Multi-decadal high resolution simulations over the CORDEX East Asia domain were performed with the regional climate model RegCM3 nested within the Flexible Global Ocean-Atmosphere-Land System model, Grid-point Version 2 (FGOALS-g2). Two sets of simulations were conducted at the resolution of 50 km, one for present day (1980--2005) and another for near-future climate (2015--40) under the Representative Concentration Pathways 8.5 (RCP8.5) scenario. Results show that RegCM3 adds value with respect to FGOALS-g2 in simulating the spatial patterns of summer total and extreme precipitation over China for present day climate. The major deficiency is that RegCM3 underestimates both total and extreme precipitation over the Yangtze River valley. The potential changes in total and extreme precipitation over China in summer under the RCP8.5 scenario were analyzed.

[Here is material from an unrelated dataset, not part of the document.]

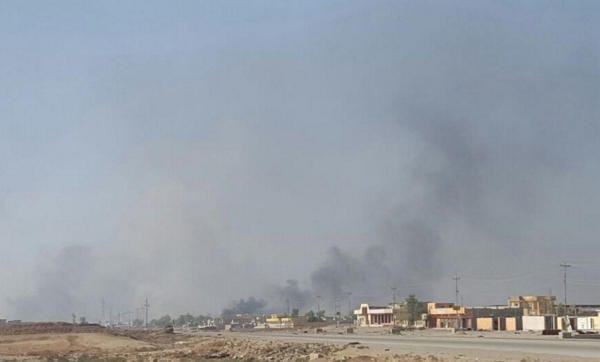 Iraqi Forces Make First Push into Mosul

Both RegCM3 and FGOALS-g2 results show that total and extreme precipitation tend to increase over northeastern China and the Tibetan Plateau, but tend to decrease over southeastern China. In both RegCM3 and FGOALS-g2, the change in extreme precipitation is weaker than that for total precipitation. RegCM3 projects much stronger amplitude of total and extreme precipitation changes and provides more regional-scale features than FGOALS-g2. A large uncertainty is found over the Yangtze River valley, where RegCM3 and FGOALS-g2 project opposite signs in terms of precipitation changes. The projected change of vertically integrated water vapor flux convergence generally follows the changes in total and extreme precipitation in both RegCM3 and FGOALS-g2, while the amplitude of change is stronger in RegCM3. Results suggest that the spatial pattern of projected precipitation changes may be more affected by the changes in water vapor flux convergence, rather than moisture content itself.